Not to be confused with the family-friendly movie of the same name. My friend’s and I loved this movie in high school. It has a young Shannon Elizabeth in her first movie role (she is raped by a possessed snowman). I think a lot of the humor may be intentional, but regardless, it is a wonderfully bad horror movie.
Darkness Falls. The horrible, scary monster is… the Tooth Fairy.
And they never make clear exactly what the set-up is. On the one hand, they talk about Death making use of the natural probability of fatal accidents to take out the cheaters, but then the very first death involves a leaking toilet whose water acts like a sentient creature rather than an unwilled seeker of the path of least resistance. It surges forward as if it’s simply spreading onto lower ground as the kid is using the hairdryer (or electric razor or whatever that was) and you think he’s going to die of electrocution. Then it retreats back to the toilet before then surging forward again, in a different direction than before to make him slip into the extended dripdry cord.
Stupid and ambiguous.
Does anyone know what movie this is? It could have been Leprechaun, Troll or maybe House?-- A couple move into an apartment in an old Victorian looking house. Each apartment has it’s own weirdness going on. I remember plants taking over one apartment and something really funky going on in the laundry room. The final payoff is Bull from Night Court is a disgruntled Vietnam vet zombie/ghost.
My husband and I watched it a long, long, long time ago and couldn’t figure out if we were meant to laugh so hard or not.
Bull shows up as a zombified Vietnam Vet in House:
I don’t recall all the other stuff you mention being in that, though.
This explains much, judging by your user name.

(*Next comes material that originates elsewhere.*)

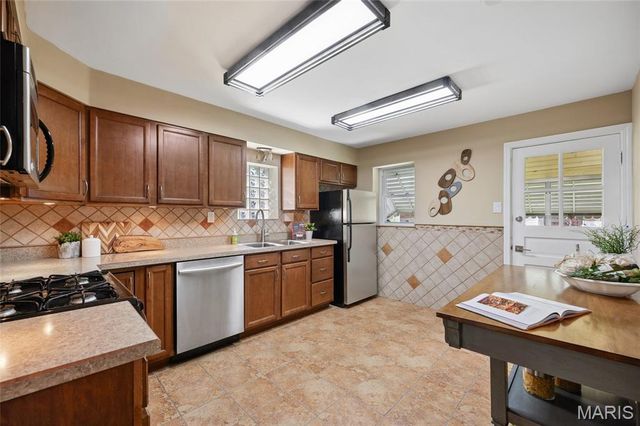 5312 Robert Avenue, St Louis, MO 63109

Let me guess, you identified with the little girl who just wanted to pet the bunnies and… omg killer giant bunnies with bloody teeth! :eek:
Now that I’m thinking about it, I could be mixing up 2 or 3 movies in my head. I distinctly remember the plants taking over an apartment and strangness in the laundry room. But the strangness may have been due to a troll or something like that.
Now I’m gonna have to put House in my queue.
I always wondered why death can’t just make rocks/trees/telephone poles fall from the sky and crush them. Or just give all the characters heart attacks.
Because it sure doesn’t have any problem causing many little things to go wrong and thus killing people through the most improbable series of rube goldberg mechanisms ever.
Not to mention all the collataroal damage and extra people who get killed just to snuff out these half dozen dimwits.
What it all comes down to, really, is that death is really bad at effectivly doing his job, and having failed once in the opening sequence, isn’t content to just left them live another 60 years or so, but goes on a kill crazy rampage in the most bizarre way.
This part sounds like Troll 2. I definitely remember the laundry room and I think remember snippets about the apartment.
I’d actually never saw it this way before, but you have a good point. You’d think that death, who’s apparently been around for at least a couple of billion years, would take the long view (“they’re all coming to me at some point anyway”).
I distinctly remember the plants & laundry room oddness from Troll.
I remember the House movies. In one of them, doesn’t the owner of the house find some sort of ancient civilization in the walls? My memory is foggy.
Oddly, I just watched the first House the other day. Nothing about plants taking over a room. Mostly, the incredibly badly done monsters and so on pop out of the closet in one bedroom.
And when I say bad, I mean Meet the Feebles bad.
Likely - cute and fuzzy nose twitching bunnies SHOULD NOT try (or succeed:eek:)to rip your throat out. I had nightmares for months.
So far HRH Bellamy of teh bunnykins whats this | Is this where you wipe your paws? | Vicki Whateley | Flickr has only threatened my imminent death (usually due to the lateness of his dinner)
Attack of the Killer Tomatoes.
Having owned a German Shepherd, this movie taught me new uses for rubber bands.
Doesn’t fit - this movie is a deliberate comedy.
I nominate The Item. There’s a C.C. Deville wannabe in a silver jumpsuit and a penis-shaped puppet with mind-control abilities, but the highlight has to be the long, drawn-out gun battle/kung-fu fight with the hovering ninja drag queens.
Hovering. Ninja. Drag queens.
There’s some hawt penis-puppet sex later on but I stopped watching after the drag queens.
The Mangler? But I guess it knows it’s a comedy…
For my money The Thing With Two Heads tops the Unintentionally Hilarious league.
Problem is they leave the black guy’s head on too and the resultant squabbling between the two heads for the rest of the movie is priceless.
Poor Ray Milland, such a great actor, heaven only knows what he must have thought about being reduced to such a role in the twilight of his career.